Problem: In the records below, locate the line containing "this 880×657 image.", then extract it and all following lines exactly, ending with the last line.

Provided information:
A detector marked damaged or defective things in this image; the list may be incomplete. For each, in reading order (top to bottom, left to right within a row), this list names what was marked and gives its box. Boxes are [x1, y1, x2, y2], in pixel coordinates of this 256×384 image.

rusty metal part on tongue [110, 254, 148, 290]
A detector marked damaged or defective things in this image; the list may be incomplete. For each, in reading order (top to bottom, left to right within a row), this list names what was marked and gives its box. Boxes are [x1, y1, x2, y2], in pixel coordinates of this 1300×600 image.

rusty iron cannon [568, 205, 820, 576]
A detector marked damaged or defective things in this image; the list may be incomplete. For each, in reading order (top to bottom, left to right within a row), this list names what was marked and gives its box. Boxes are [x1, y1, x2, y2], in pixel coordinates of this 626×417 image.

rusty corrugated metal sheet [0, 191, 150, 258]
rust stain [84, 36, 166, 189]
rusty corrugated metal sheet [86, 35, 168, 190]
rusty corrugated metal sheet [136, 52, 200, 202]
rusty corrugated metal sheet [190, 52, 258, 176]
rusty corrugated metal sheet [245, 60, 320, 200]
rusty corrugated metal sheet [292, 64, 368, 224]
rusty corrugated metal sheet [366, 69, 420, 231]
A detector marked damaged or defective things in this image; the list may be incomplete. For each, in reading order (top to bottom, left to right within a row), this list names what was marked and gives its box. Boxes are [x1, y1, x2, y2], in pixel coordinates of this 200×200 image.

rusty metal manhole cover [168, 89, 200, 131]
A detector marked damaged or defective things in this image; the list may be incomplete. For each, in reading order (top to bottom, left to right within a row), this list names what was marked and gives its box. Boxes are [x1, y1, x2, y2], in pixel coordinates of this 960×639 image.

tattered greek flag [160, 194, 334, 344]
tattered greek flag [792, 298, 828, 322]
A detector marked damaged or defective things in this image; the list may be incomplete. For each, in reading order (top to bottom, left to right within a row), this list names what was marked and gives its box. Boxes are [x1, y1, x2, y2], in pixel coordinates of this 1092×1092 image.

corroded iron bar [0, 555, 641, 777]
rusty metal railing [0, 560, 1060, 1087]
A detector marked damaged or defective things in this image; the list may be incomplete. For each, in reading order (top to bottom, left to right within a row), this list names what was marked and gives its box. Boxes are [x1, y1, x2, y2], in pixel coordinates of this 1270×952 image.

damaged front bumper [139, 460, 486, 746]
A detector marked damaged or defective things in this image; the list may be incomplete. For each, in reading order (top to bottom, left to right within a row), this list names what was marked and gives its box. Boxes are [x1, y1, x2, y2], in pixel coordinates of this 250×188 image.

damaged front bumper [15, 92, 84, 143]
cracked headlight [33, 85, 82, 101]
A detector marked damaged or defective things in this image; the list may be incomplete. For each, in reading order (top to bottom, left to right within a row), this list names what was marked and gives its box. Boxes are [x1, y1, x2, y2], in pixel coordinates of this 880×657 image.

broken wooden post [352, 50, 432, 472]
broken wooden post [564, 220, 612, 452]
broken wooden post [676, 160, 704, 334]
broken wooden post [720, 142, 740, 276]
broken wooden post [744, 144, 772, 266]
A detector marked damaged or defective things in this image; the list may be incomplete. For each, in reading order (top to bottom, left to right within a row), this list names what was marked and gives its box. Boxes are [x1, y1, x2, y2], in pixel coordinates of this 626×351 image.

Expected output:
A detector marked damaged or defective things in this image; the list may be incomplete. For each, in reading order (top to bottom, left to right within a row), this list names what was marked and gives its box. Boxes are [x1, y1, x2, y2], in pixel coordinates of this 880×657 image.

broken wooden post [352, 50, 432, 472]
broken wooden post [564, 220, 612, 452]
broken wooden post [676, 160, 704, 334]
broken wooden post [720, 142, 740, 276]
broken wooden post [744, 144, 772, 266]
A detector marked damaged or defective things in this image; the list may be incomplete. For each, in reading order (top to bottom, left to right within a row), this list names what was marked and gives its box. Boxes are [x1, y1, x2, y2], in pixel coordinates of this 626×351 image.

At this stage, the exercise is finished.